Lensa, recently reached $1M USD in revenue per day selling AI-powered avatars as a service and countless other AI-powered avatars apps and companies have also turned into multi-million dollar businesses over the last month.
Let's get into the process. Here are three photos of me; can you guess which one is AI-generated?
The AI-generated photo is on the left. The photo to the right was taken by a professional photographer. An overview of the steps that were taken to achieve this:
Step 1: Gather Images for Training (NOT Dreambooth)
If you want high quality images, you need to put in work to get your ideal outcome, sadly you can't sprinkle magic AI fairy dust and have your own fine-tuned AI which gives you the outcome you want. (You can use paid services who have fine-tuned an ai already though, so you don't have to). But, if you want to create these yourself without paying to use someone's already fine-tuned stable diffusion model, You must fine-tune a Stable Diffusion model yourself by feeding it photos that teach it how to create better realistic-style images.

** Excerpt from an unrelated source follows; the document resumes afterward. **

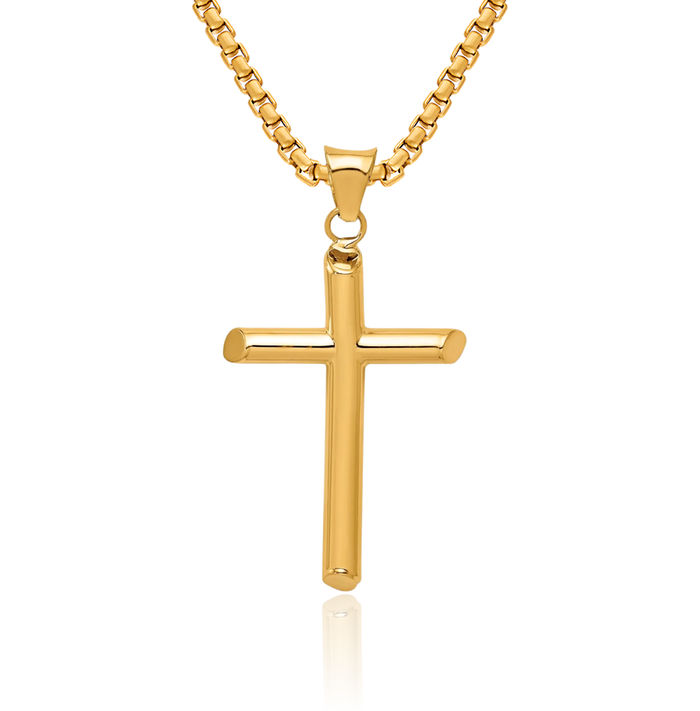 14K Solid Yellow Gold Tube Latin Mexican Holy Cross Necklace Religious Chain Pendant Jesus Christ Charm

Step 2: Prepare your Images
Visit burmy.net or burm.net to resize your images to at least 512x512 pixels (ideally bigger so your model is trained better; note that bigger images are much more expensive). This resolution is required for Stable Diffusion model training. Upload your images, and the website will resize them automatically. Make sure to select the images that maintain the right distance and proportions for facial training. Save the resized images either in a zip file or individually.
Step 3: Train Your Model Using Stable Diffusion
Start by Downloading Stable Diffusion 2.1, and create a custom Stable Diffusion model for your images. There are many ways to do this; a common method is to gather 20-30 high-quality images similar to the desired end output. Here's a video that goes over using textual inversion training on Stable Diffusion. Note: you might need to play around with training the model. This includes the settings, the amount of photos, the photos your using, etc.
Note: We can't provide a full in-depth tutorial for each step, as it would make the article as long as a book. This article provides a macro-level overview of the process.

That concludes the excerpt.